Since the OP stated a Max of 3 the solution can be done as EBS17 points out. I could have modified the code to let the user define the max pill size. The algorithm would be the same, but it would only log these solutions and kick out of the algorithm early.
Got to say it is an impressive solution, @MajP - my little exposure to queueing theory was enough to get me out of trouble more often than in trouble, but I could never avoid trouble completely since I'm originally a chemist, not a mathematician. My entrance to computer work was a back-door sort of thing necessitated by family circumstances. Despite needing some advanced math for my doctorate, it wasn't that particular branch of math. I've sort of picked up some of the practical tricks over a few years, but it helps if you actually studied the subject in depth.
FYI, I did not originally see that you were limiting to three pills. If that is the case doing what @ebs17 suggests is probably the easy way to go. I incorporated a version here. The query solution is simple and fast and does not require code. It gets more tricky if you remove the three pill constraint. However if some dosages have different max amount of individual dosages you could make a 3,4,5...N individual queries.
The query is slightly modified to
Code:
SELECT A.dose AS Dose1,
B.dose AS Dose2,
C.dose AS Dose3,
[a].[dose] + [b].[dose] + [c].[dose] AS TotalDose,
C.drugid_fk
FROM (qrydrugdoseswith0 AS A
INNER JOIN qrydrugdoseswith0 AS B
ON A.drugid_fk = B.drugid_fk)
INNER JOIN qrydrugdoseswith0 AS C
ON B.drugid_fk = C.drugid_fk
WHERE
( ( ( B.dose ) <= [a].[dose] )
AND ( ( C.dose ) <= [b].[dose] )
AND ( ( [a].[dose] + [b].[dose] + [c].[dose] ) =
[forms] ! [frmmakepatternsquery] ! [txtrequired] )
AND ( ( C.drugid_fk ) = [forms] ! [frmmakepatternsquery] ! [cmbodrug] ) )
ORDER BY A.dose,
B.dose,
C.dose;
If this was a more generic problem with an unknown amount of partitions (assume something beside pill dosage like cutting a roll of steel) then that would be limiting. Assume it was something up to 10 partitions and 5 choices. Writing the query would be a pain, and this could blow up quickly because that cartesian returns 9 million records before getting filtered.
A few comments on this:
- Before execution, SQL statements are just some text. Text can be generated and composed using VBA. My longest SQL statement composed by VBA was about 1200 characters.

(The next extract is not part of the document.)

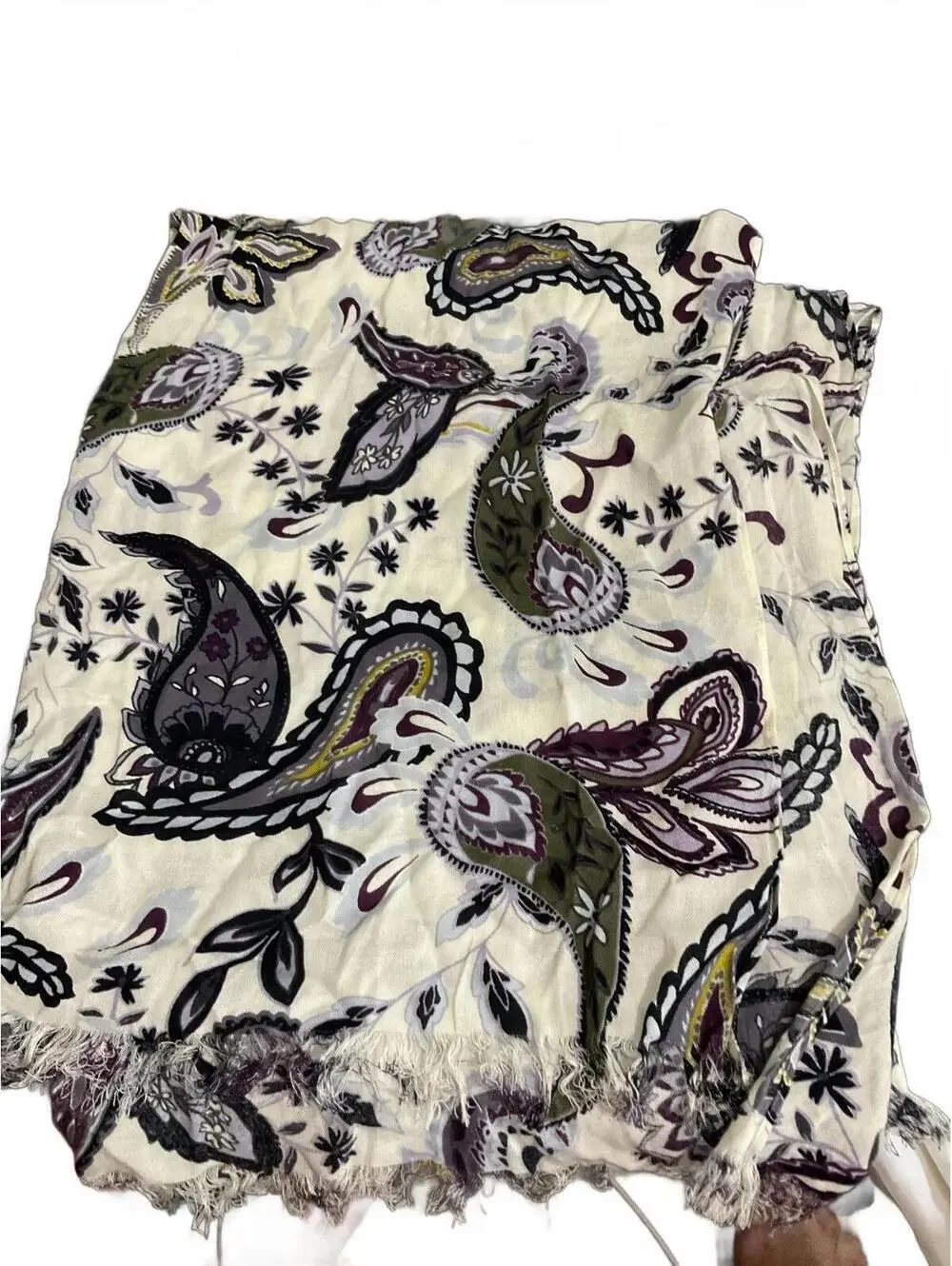Women's Paisley Print Scarf with Frayed Hem 72” x 29”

- Large amounts of data due to the duplication of variants are of course a problem. This will push your limits, also in terms of performance. But large amounts of data are also a challenge for a developer - anyone without great skills can move 537 records back and forth.

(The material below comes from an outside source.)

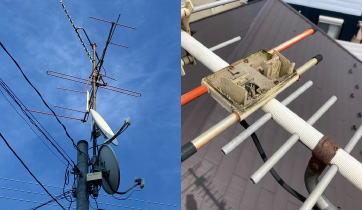 既に設置されたアンテナの修理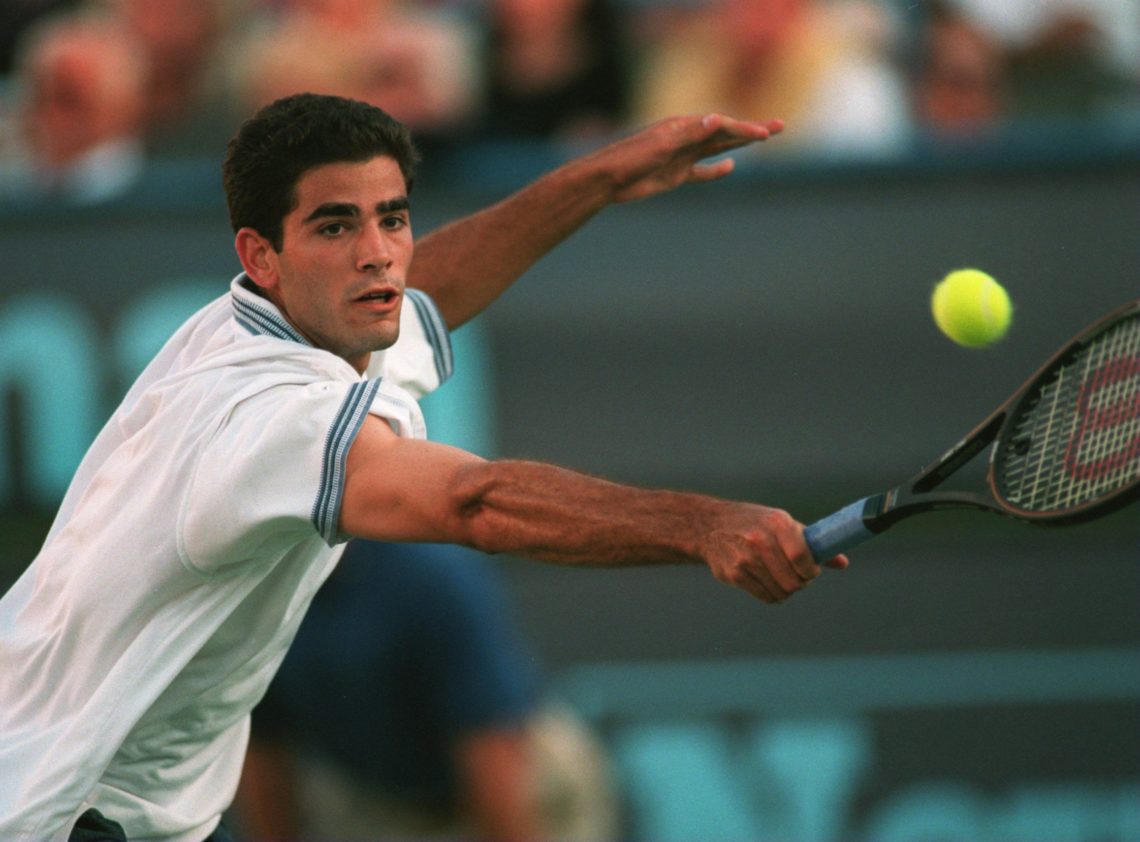 13 MAR 1995: PETE SAMPRAS HITS A BACKHAND IN HIS FINALS MATCH AGAINST ANDRE AGASSI DURING THE 1995 NEWSWEEK CHAMPIONS CUP IN INDIAN WELLS, CALIFO...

The most time consuming will be the execution of the CROSS JOIN itself. The result could be written to a temporary table and the fields indexed there in order to be able to filter better.
- The overall calculation for a specific case would be carried out once (not live every time from the beginning) and the combinations found would be fixed in a table in order to look up there in the practical work in a significantly smaller amount.